Something obviously doesn’t add up here.
The ongoing taboo against climate repair is a bright flashing sign that there’s something profoundly odd about catastrophist climate orthodoxy.
If you saw a person thrashing around a pond screaming that they were drowning while refusing to acknowledge the lifesaver floating within easy reach, you’d quite naturally conclude that they were either stark-raving mad or putting on a bit of an act.
Yet plenty of climate advocates are perfectly rational, expensively-educated, high-status members of the most sophisticated, successful societies in the world.
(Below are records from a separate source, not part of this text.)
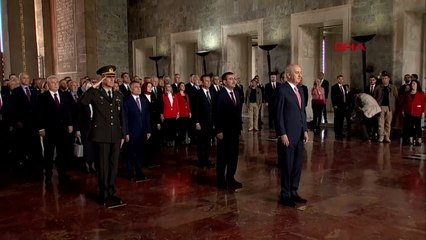 Anıtkabir'de 23 Nisan töreni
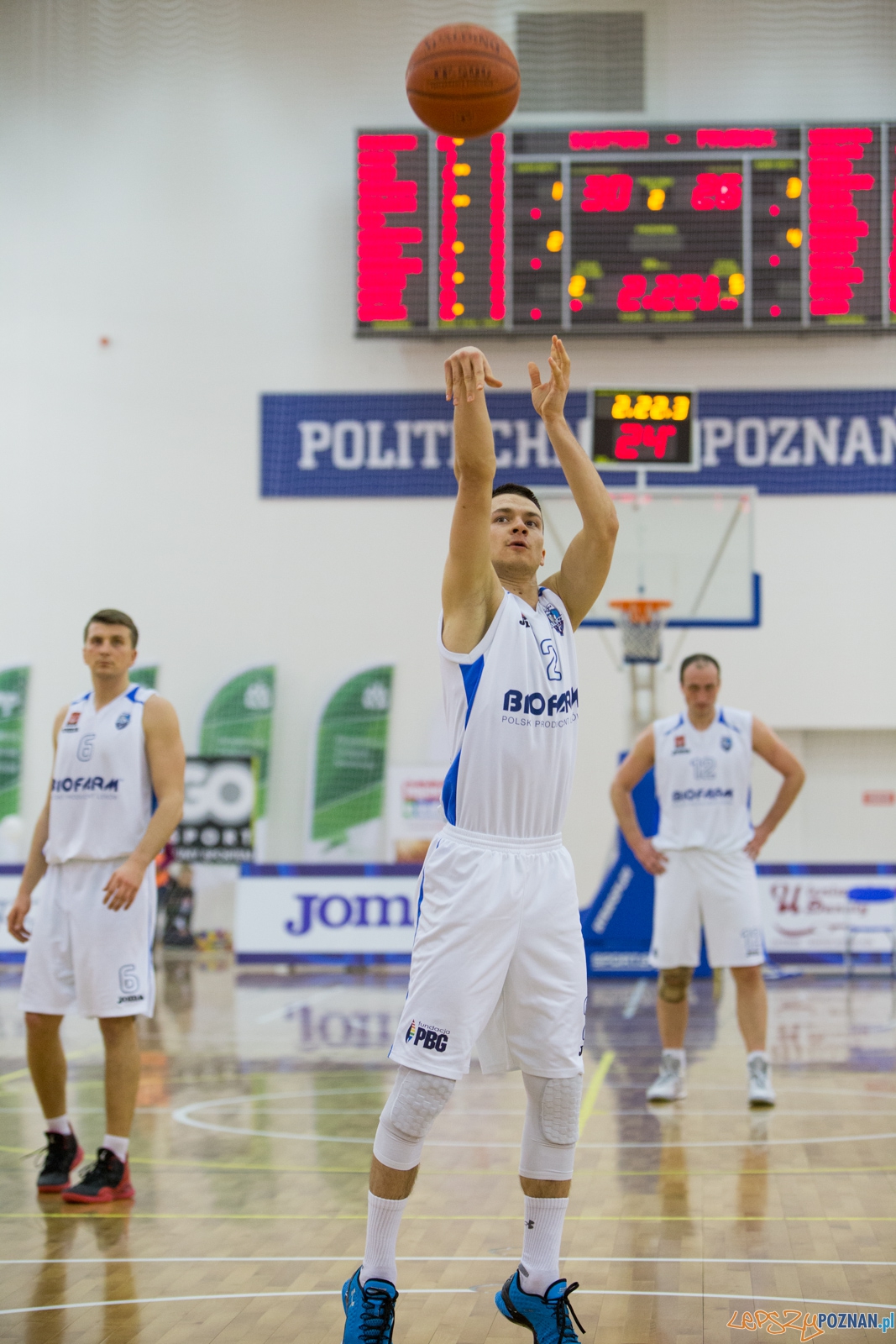 1 Liga Mężczyzn: Biofarm Basket Poznań - Meritumkredyt Pogoń Foto: lepszyPOZNAN.pl / Piotr Rychter 1 Liga Mężczyzn: Biofarm Basket Poznań - Meritumkredyt Pogoń Foto: lepszyPOZNAN.pl / Piotr Rychter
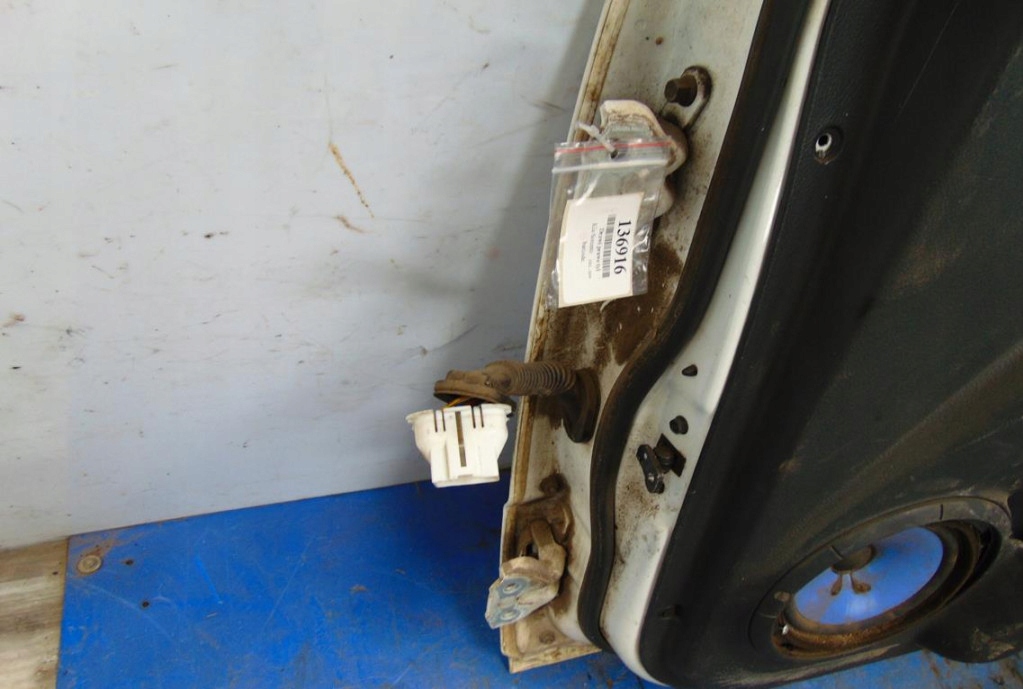 фото №7, Kia sorento двері правий задня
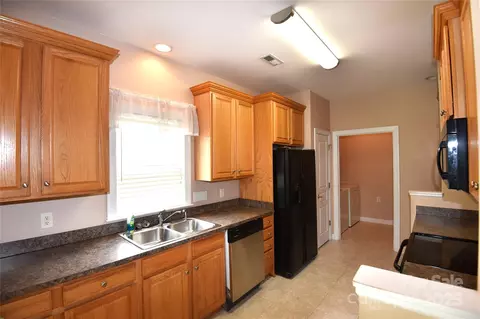Kitchen - 237 River Birch Dr, Salisbury, NC 28146 photo 2 of 3
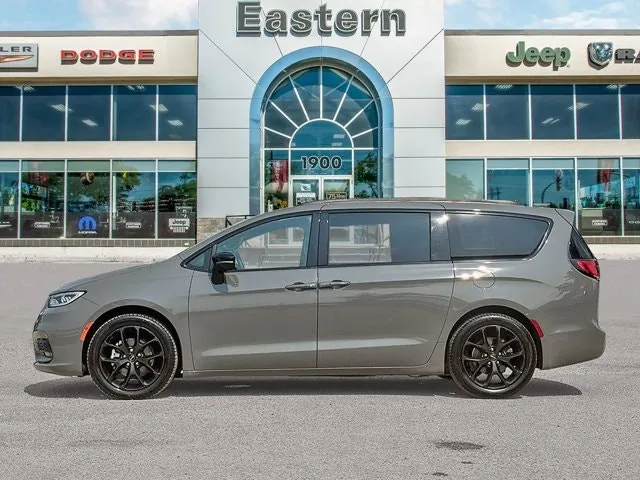 Chrysler Pacifica 2025 photo 2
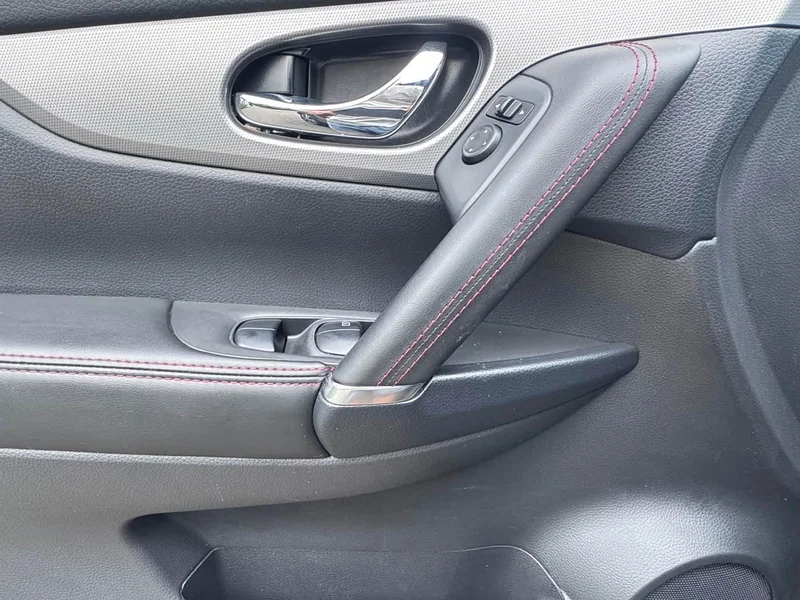 Nissan Qashqai — фото 17
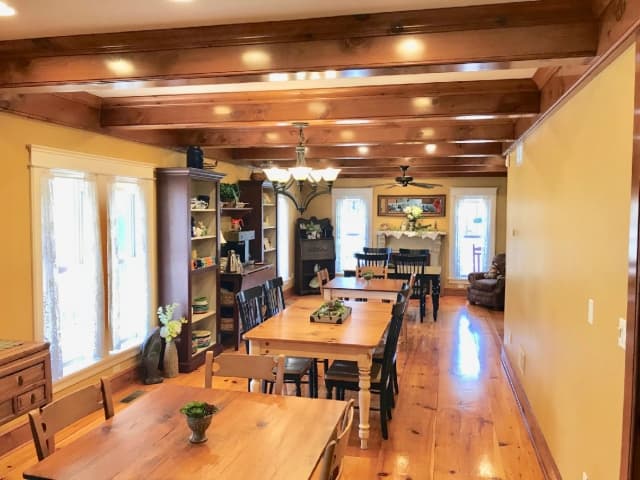 chapel-valley-estate-dining-room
Whatever they may be, they’re not mad.
Naturally, conservatives tend to see climate catastrophism as a bit of act: thin cover for an anti-capitalist agenda that has nothing to do with climate, really. There’s clearly something to that — a good chunk of the climate left and the degrowth movement are fairly explicit about it. But putting it like this misunderstands their commitment, and mischaracterizes the movement.
Climate activists aren’t mad, and they’re also not play acting. They hold their beliefs passionately and, as they see it, earnestly. It’s just that they plainly don’t believe them in quite the same sense that a person being chased by a bear believes that they should run.
In Climate Change Isn’t Everything, Mike Hulme describes their system of beliefs as an ideology, which he calls “climatism.” Hulme does well to identify its totalizing tendencies — the way climate change is invoked to explain more and more, and the way it organizes its followers moral outlook on the world. There’s also something to that also, but not enough.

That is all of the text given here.